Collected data
______________________________

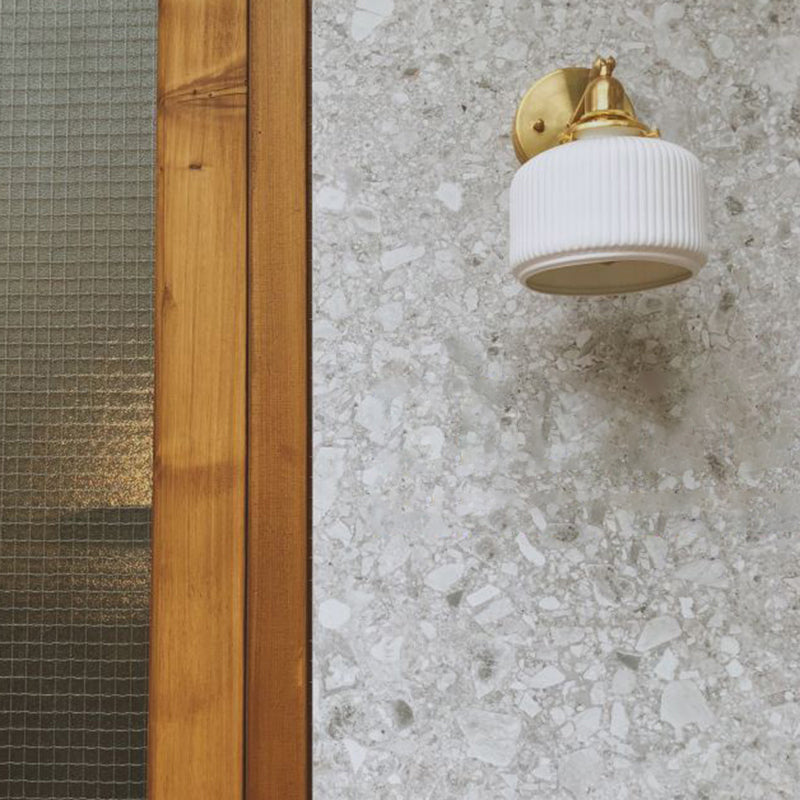 White Ribbed Glass Round Wall Light Simplicity 1 Bulb Foyer Sconce with Pivot Joint in Brass Clearhalo 'Art deco wall lights' 'Cast Iron' 'Glass' 'Industrial wall lights' 'Industrial' 'Middle century wall lights' 'Modern' 'Rustic wall lights' 'Tiffany' 'Traditional wall lights' 'Wall Lamps & Sconces' 'Wall Lights' Lighting' 2465474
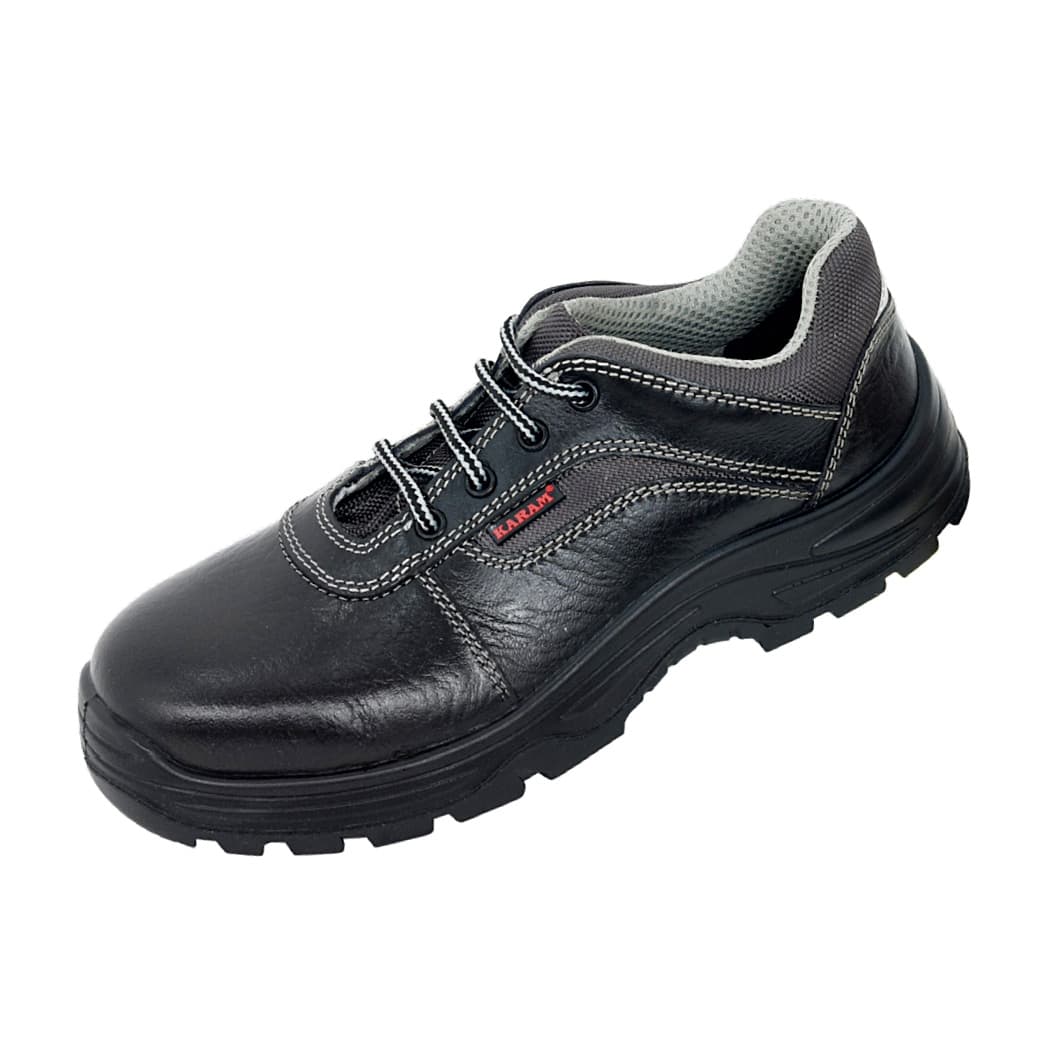 Karam Men's Deluxe Workman Leather Safety Shoe Fibre Toe (Black),  FS113BL(RO)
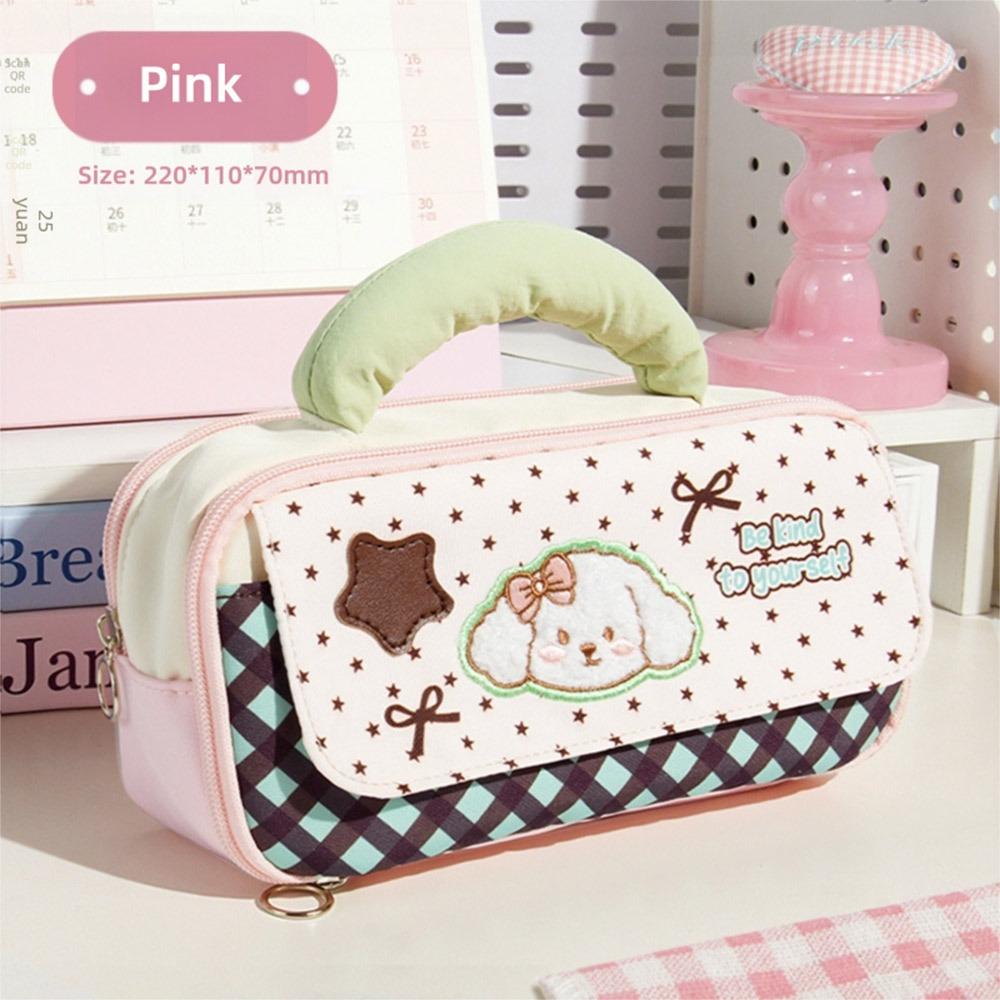 Large Capacity Pencil Case Handheld Design Storage Bag Stationery Pouch School Use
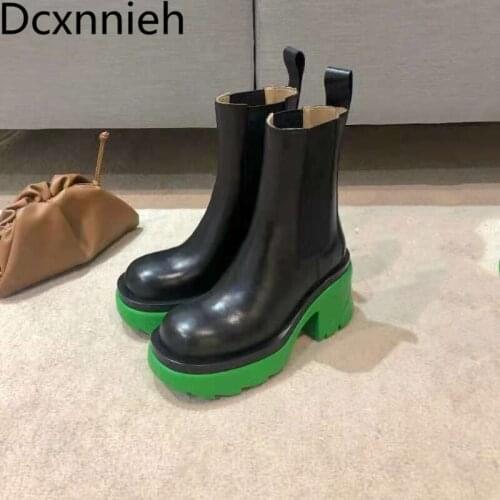 Autumn New Women Ankle Boots Thick Sole Chunky High Heel Chelsea Boots Ladies Slip-on Short Booties Round Toe Boots Woman 2021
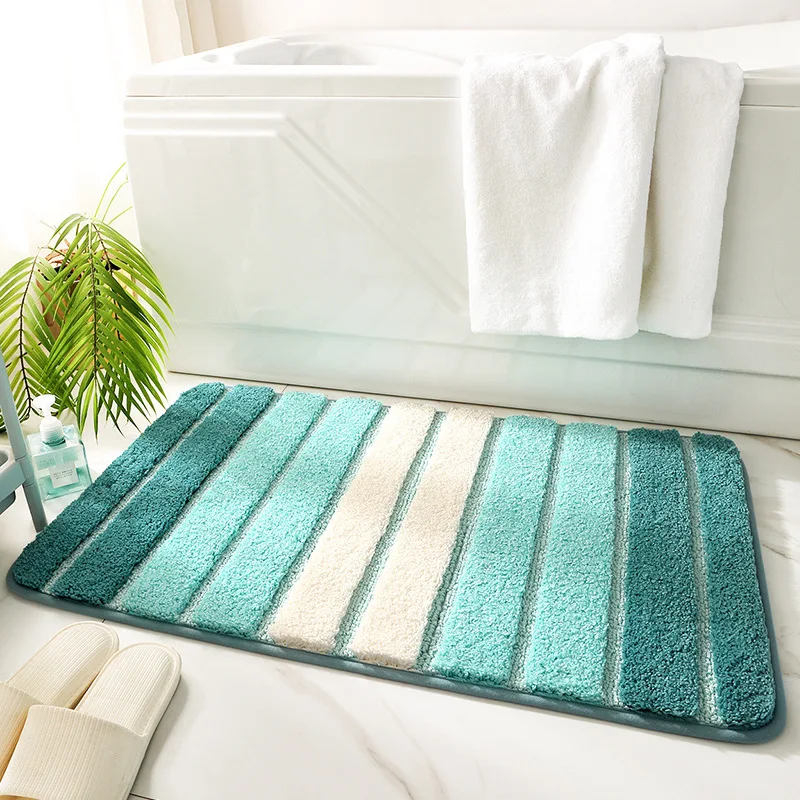 Fresh and Clean Bathroom Floor Rug Imitation Cashmere, Dirt-Resistant Bathroom Water-Absorbing Floor Mat for Home Decor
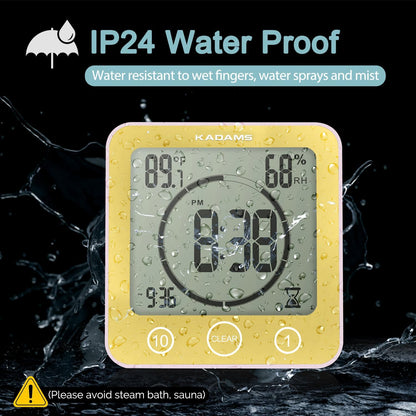 KADAMS Shower Clock Waterproof Bathroom Timer – Digital Wall Clock with Countdown, Magnetic Kitchen Clock with Temperature & Humidity, Suction Cup for Kids Shower Spa Sauna Cook Bath (Yellow)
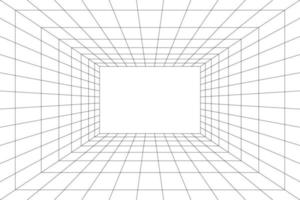 Grid room in perspective, vector illustration in 3d style. Indoor wireframe from black lines, template interior square, digital empty box. Minimal background design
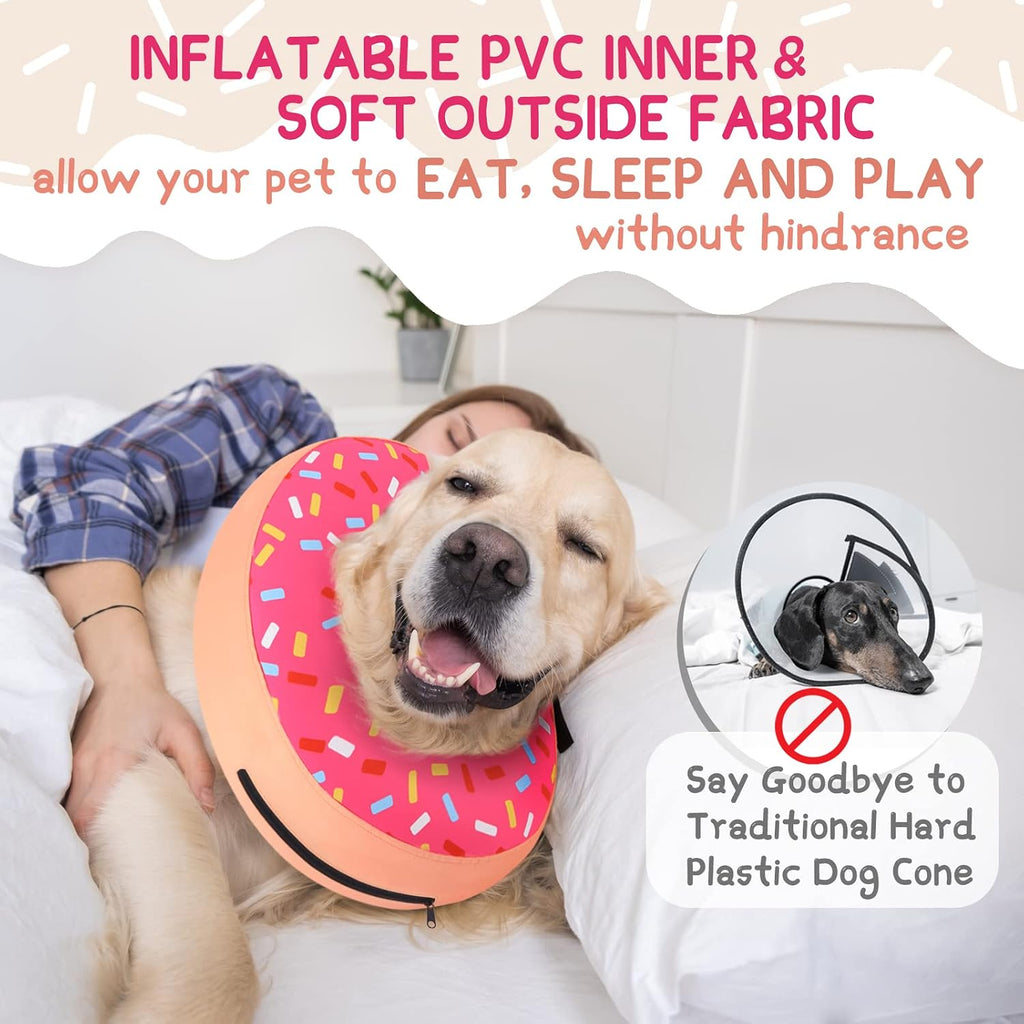 Supet soft dog cone alternative inflated showing sprinkle pattern design.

______________________________

▸ **YOUR OBJECTIVE**
Leave out the pictures, and retype exactly the lines from the one containing "Autumn New Women" through the final line of the data.

▸ **ANSWER SPACE**
 Autumn New Women Ankle Boots Thick Sole Chunky High Heel Chelsea Boots Ladies Slip-on Short Booties Round Toe Boots Woman 2021
 Fresh and Clean Bathroom Floor Rug Imitation Cashmere, Dirt-Resistant Bathroom Water-Absorbing Floor Mat for Home Decor
 KADAMS Shower Clock Waterproof Bathroom Timer – Digital Wall Clock with Countdown, Magnetic Kitchen Clock with Temperature & Humidity, Suction Cup for Kids Shower Spa Sauna Cook Bath (Yellow)
 Grid room in perspective, vector illustration in 3d style. Indoor wireframe from black lines, template interior square, digital empty box. Minimal background design
 Supet soft dog cone alternative inflated showing sprinkle pattern design.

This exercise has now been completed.